The "Shake it Off" singer recently flexed those muscles by pulling her music from Spotify and greatly limiting its use on Rdio. That helped make her 1989 album the first album to sell one million copies this year. By eliminating the option for fans to hear her new album in totality without purchasing it, Swift forced people to buy it. 

It's important to note that the singer did not remove her music from radio-station-style services like Pandora (P). She only took if off Spotify, which allows subscribers to listen to whole albums, and the similar part of Rdio's service. To explain her actions, the singer had some blistering comments in a Yahoo Music interview about how she feels about the streaming industry:

If I had streamed the new album, it's impossible to try to speculate what would have happened. But all I can say is that music is changing so quickly, and the landscape of the music industry itself is changing so quickly, that everything new, like Spotify, all feels to me a bit like a grand experiment. And I'm not willing to contribute my life's work to an experiment that I don't feel fairly compensates the writers, producers, artists, and creators of this music.

Swift can afford to lose whatever revenue she would receive from Spotify, but other artists without her dedicated fan base face a trickier proposition. Spotify, and services like it, can bring a less established artist new fans. The revenue from those new fans listening on the streaming site may not put much money in the artist's coffers, but it may sell some concert tickets down the line. That forces musicians to accept a system where they are poorly compensated for their songs, but still need the system.

Because her fans would find a way to hear her music if she released it on eight track, Swift has the ability to say that she should be paid for her music. As she told Yahoo Music:

Also, a lot of people were suggesting to me that I try putting new music on Spotify with "Shake It Off," and so I was open-minded about it. I thought, "I will try this; I'll see how it feels." It didn't feel right to me. I felt like I was saying to my fans, "If you create music someday, if you create a painting someday, someone can just walk into a museum, take it off the wall, rip off a corner off it, and it's theirs now and they don't have to pay for it." I didn't like the perception that it was putting forth. And so I decided to change the way I was doing things. 

In taking her music off Spotify, Swift is not only striking a blow for other artists who can't speak up, she's also putting another chink in the armor of a business model that's not working.

Spotify isn't working?
Spotify, which launched in 2008, says it has more than 50 million active users, and 12.5 million of them are subscribers paying $120 a year. (Nearly 16 million users had played a Taylor Swift song in the past 30 days, Spotify said last week.) It operates in 56 markets worldwide. That seems good, but Spotify is stuck in a failure loop, where the more customers it adds, the more money it loses.

Source: Statista.

Though the music services have been operating with the idea that with a certain scale, they will become profitable, that does not appear to be the case. In addition to the evidence presented in the chart above, a research report issued last November by Generator Research found that the streaming business model is "inherently unprofitable." Generator put the blame largely with major recording labels, according to a Digital Music News article. 

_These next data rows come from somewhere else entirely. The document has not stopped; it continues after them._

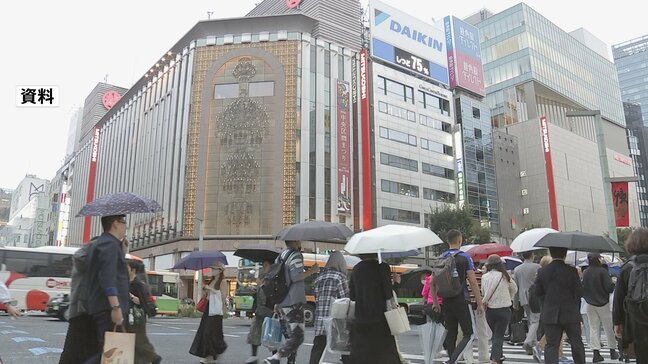 【速報】全国の百貨店 去年12月のインバウンド売上高2か月連続マイナス　中国の“渡航自粛”響く|TBS NEWS DIG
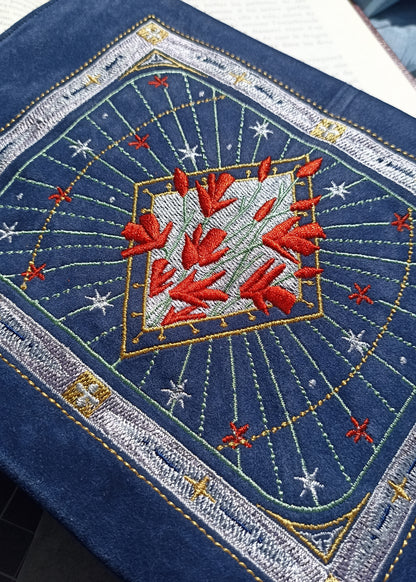 Pochette en velours B5 - Housse pour livres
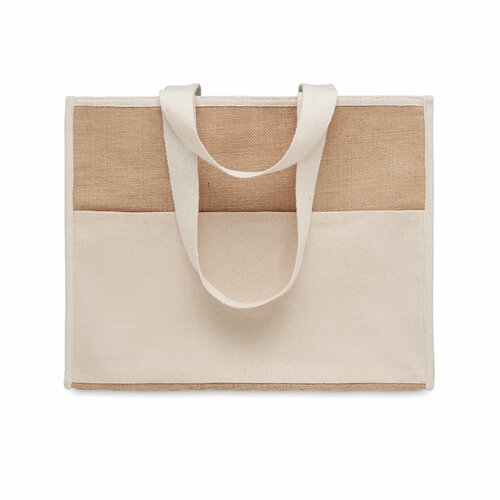 CAMPO DE GELI Jute-Canvas Shopping Tasche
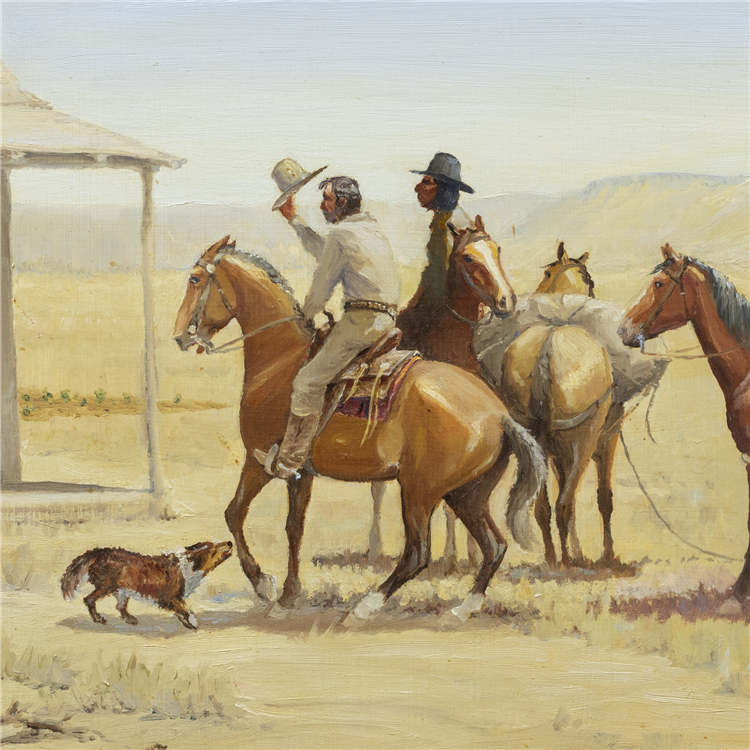 Visitors by Jim Carkhuff - Image 3 of 4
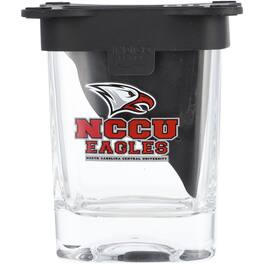 Indigo Falls - North Carolina Central Eagles 10oz. Ice Wedge Glass - Multicolor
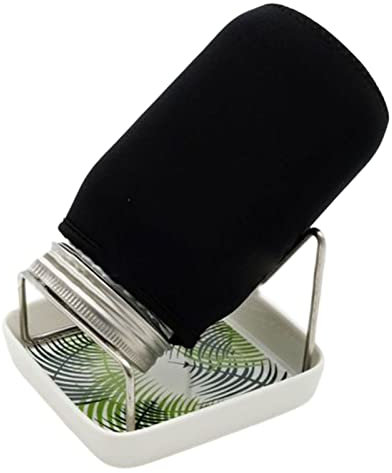 Kit de Germinación de Semillas Tarros de Germinación de Mason con Soporte, Tapa, Bandeja de goteo para Growing Brócoli Alfalfa Habas Germadas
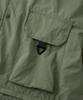 OUTSTANDING Nylon Utility Packable Half Shirt_Green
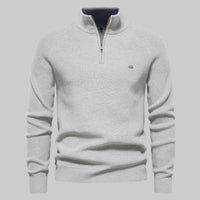 Ludvig™ - Klassischer und Zeitloser Pullover mit Hohem Tragekomfort – Hell grau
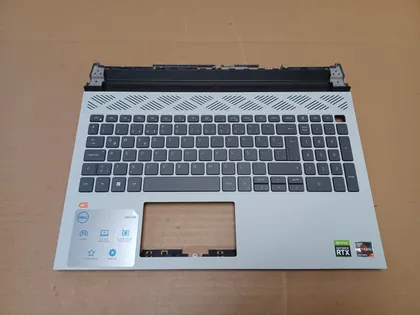 фото, номер1053-16 Кришка панель палмрест 095P6M AP3LP000621 клавіатура робоча для Dell G15 5520 5521 2022 2025 топкейс Верхня панель палмрест cover-C оригінал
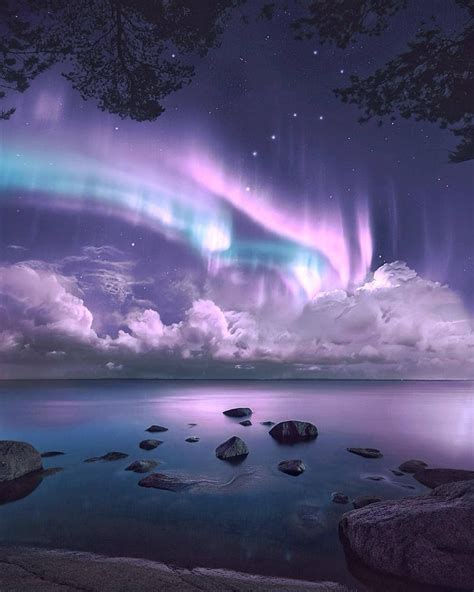 Nowspacetime On Instagram Northern Lights Dancing Above The Clouds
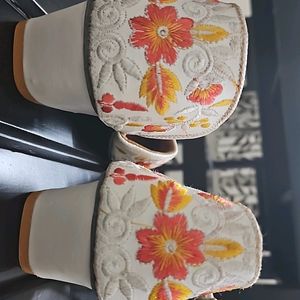 Embroidered Heels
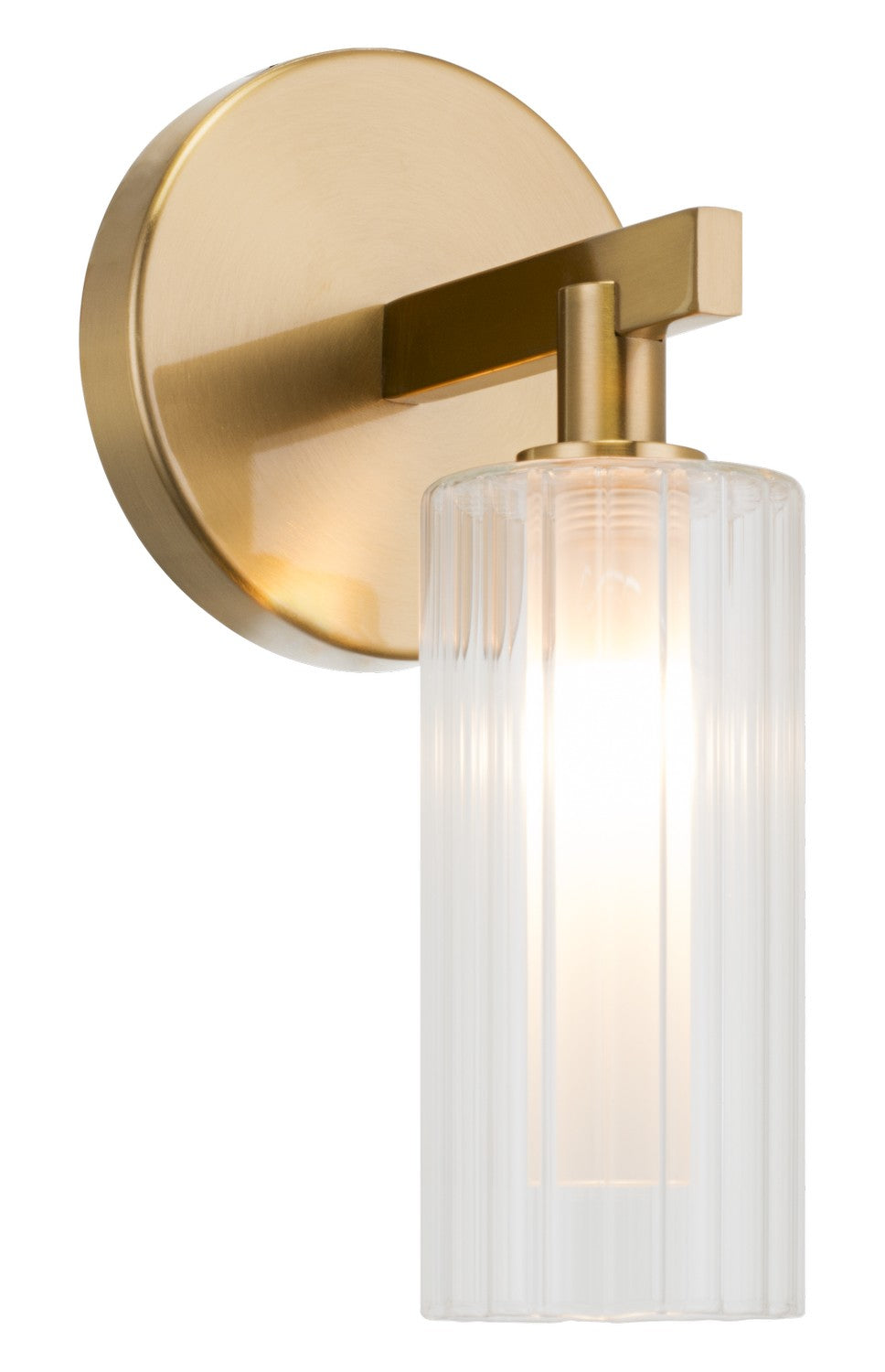 Matteo Canada - One Light Wall Sconce - Kristof - Aged Gold Brass- Union Lighting Luminaires Decor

Spotify said in a Nov. 11 blog post responding to Swift's actions that it's trying to fix a broken system and fairly compensate artists. "Today, people listen to music in a wide variety of ways, but by far the three most popular ways are radio, YouTube, and piracy -- all free," it said in the blog post. "Our whole business is to maximize the value of your music. We don’t use music to drive sales of hardware or software. We use music to get people to pay for music. The more we grow, the more we’ll pay you."

Swift is ahead of the curve
Though it's impossible to know how many extra albums Swift sold (and will sell) because of removing her music from Spotify and parts of Rdio, it's safe to say it was at least some. With the music business struggling, every dollar matters, and smaller artists who have dedicated fan bases are likely to change their relationships with streaming sites in order to maximize album sales.

To survive, Spotify and the other streaming services need to find a model where artists are fairly compensated and customers and/or advertisers pay enough that the business can at least break even. Swift has proven that music -- at least her music -- has value, and that people will pay for it if that's the only way to get it.